Hätte Bach nicht auch seiner Matthäus-Passion die Bemerkung »Denen Liebhabern, und besonders denen Kennern von dergleichen Arbeit, zur Gemüths Ergezung« voranstellen können? Eine hohe dramatische Spannung zeichnet die Matthäus-Passion aus. Dialoge lassen Teile wie theatralische Szenen erscheinen. Nicht ganz übertrieben ist also der Ausruf der frommen Witwe: »Behüte Gott, ihr Kinder! Ist es doch, als ob man in einer Opera oder Comödie wäre«.
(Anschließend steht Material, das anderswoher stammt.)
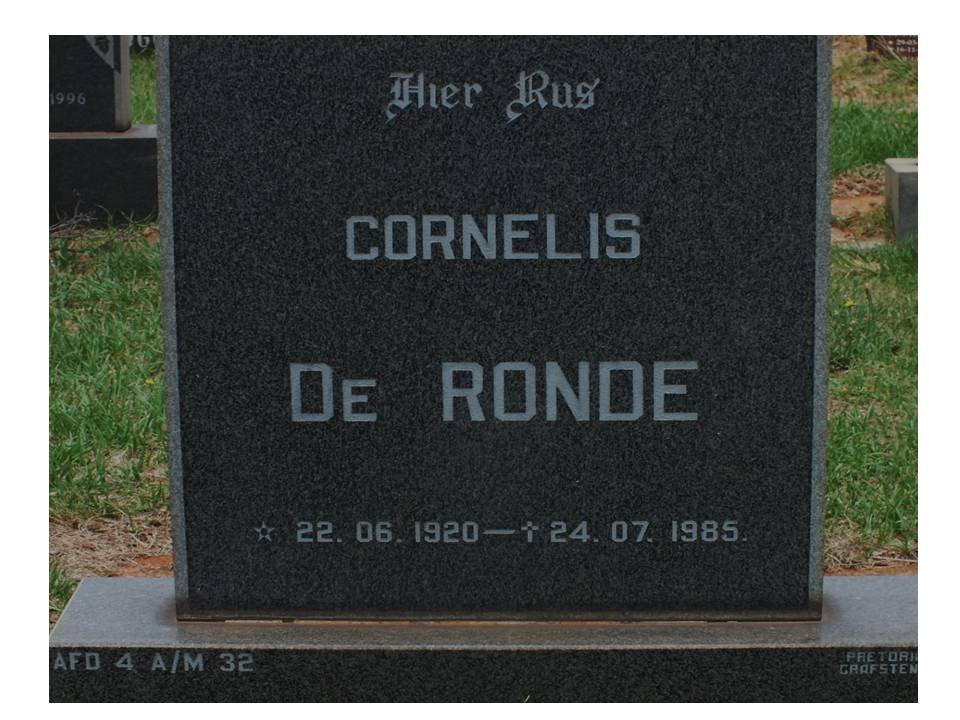 RONDE Cornelis, de 1920-1985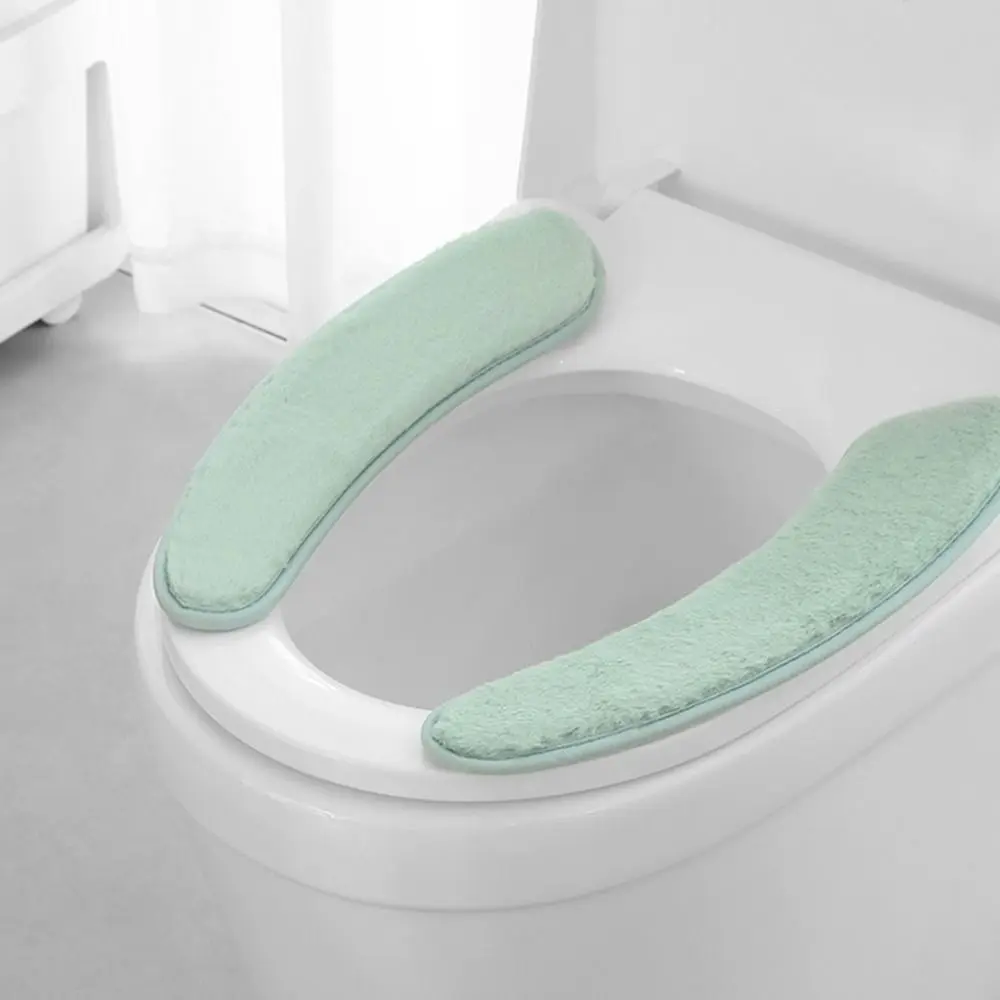 Washable Toilet Seat Filling Bathroom Mat Reusable Warm Plush Toilet Sticker Toilet Seat Covers Seat Cover Universal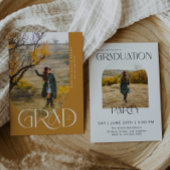 モダンアーチミニマル写真卒業パーティー 招待状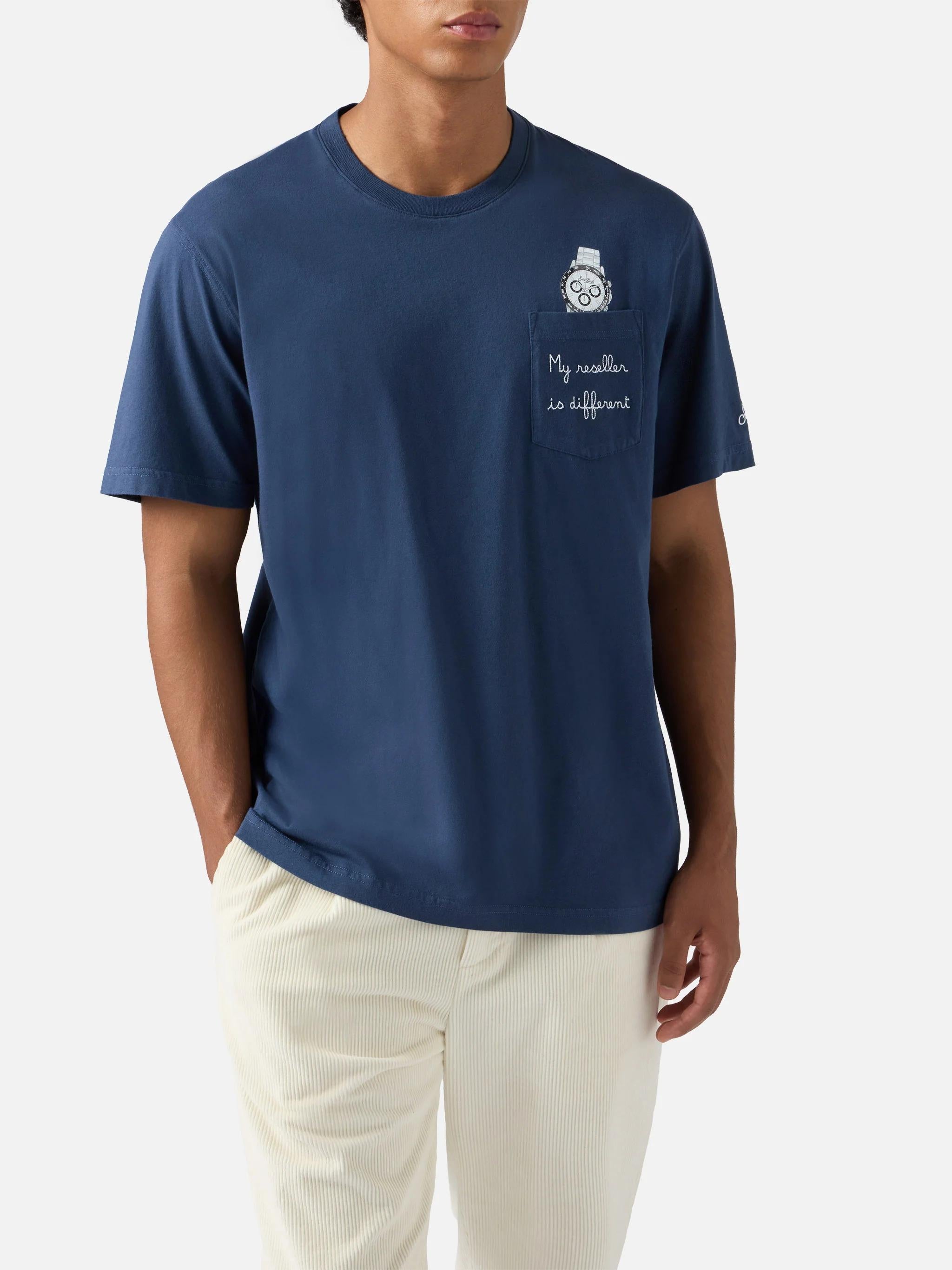 T-shirt Connor in cotone blu con ricamo sul taschino My reseller is different CONR0001 02981I MC2 SAINT BARTH 
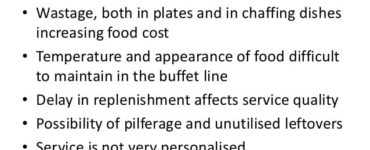 What are the disadvantages of buffet service?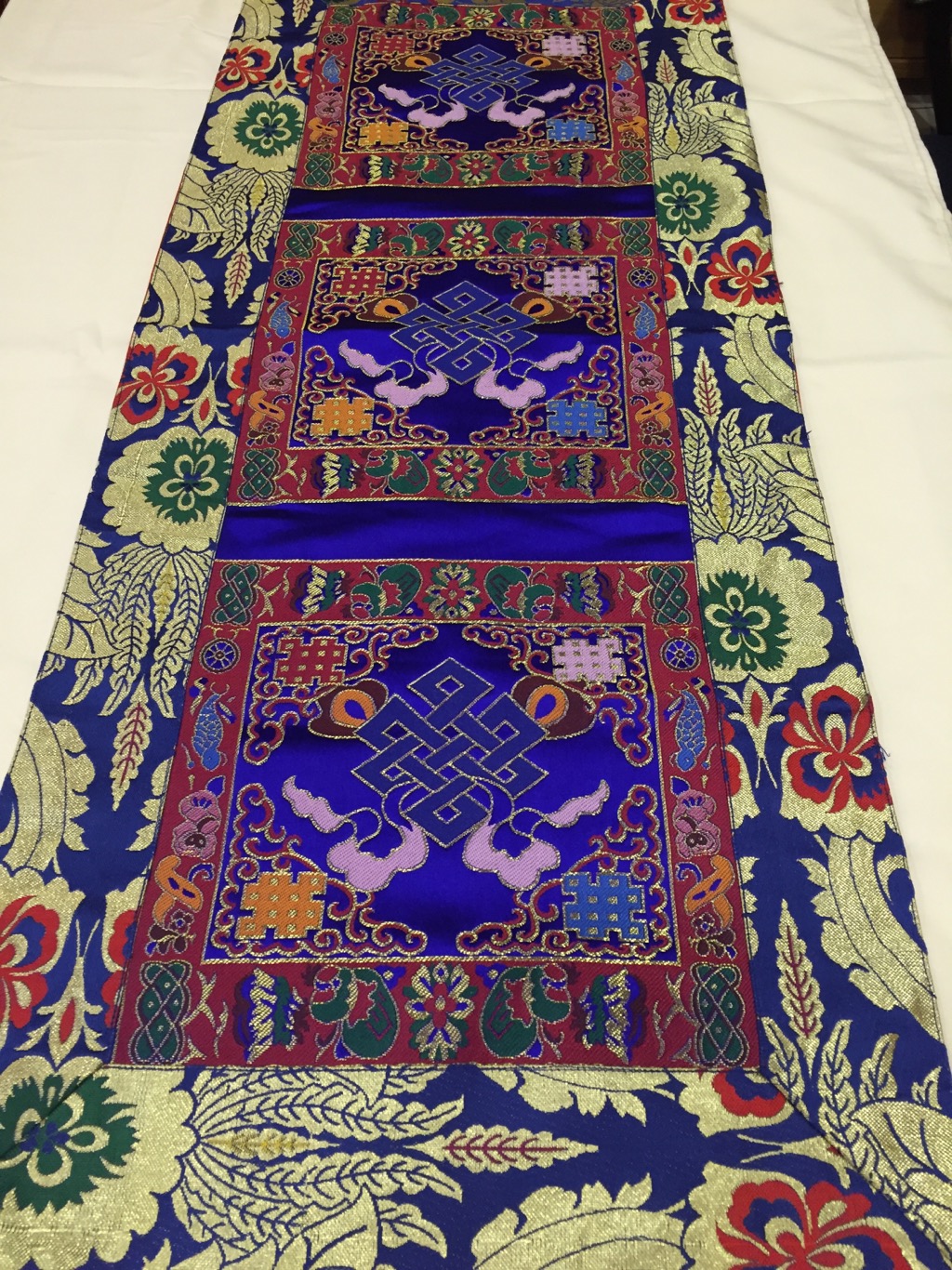 Tibetan Brocade Endless Knot Table Runner/cover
Die Matthäus-Passion von Bach blieb lange vergessen. Erst hundert Jahre später, am 11. März 1829, wurde sie durch Mendelssohn in Berlin wieder aufgeführt, und zwar nicht in einer Kirche, nicht im Rahmen eines Gottesdienstes, sondern in einem Konzertsaal. Bezeichnenderweise gab Paganini am selben Tag ein Konzert in Berlin. Die Veränderungen, die Mendelssohn am Werk vornimmt, machen Bachs Passion in gewisser Hinsicht wort-arm. Passagen des biblischen Berichtes wurden gestrichen. Beseitigt wurden Elemente, die den dramatischen Fortgang retardieren würden. Und das Werk wurde auf die Hälfte der ursprünglichen Spieldauer verkürzt. Eingesetzt wurden rasche Tempi und lang anhaltende Crescendi, die die dramatische Spannung zusätzlich erhöhten. Das nur von einem Tasteninstrument begleitete ›trockene‹ Rezitativ »Und siehe da, der Vorhang im Tempel zerriß«, das dramatische Ereignisse unmittelbar nach der Kreuzigung Christi darstellt, wurde zu einem üppigen Klanggemälde koloriert.23 Der Choral »Wenn ich einmal soll scheiden«, der dem von Mendelssohn instrumentierten Rezitativ vorangeht, wurde dagegen a cappella gesungen,24 sodass aufgrund dieses Kontrastes eine hohe dramatische Spannung entstand. Diese lyrisch-romantische Fassung der Matthäus-Passion hätte erst recht die Bemerkung verdient: »Denen Liebhabern zur Gemüths Ergetzung«.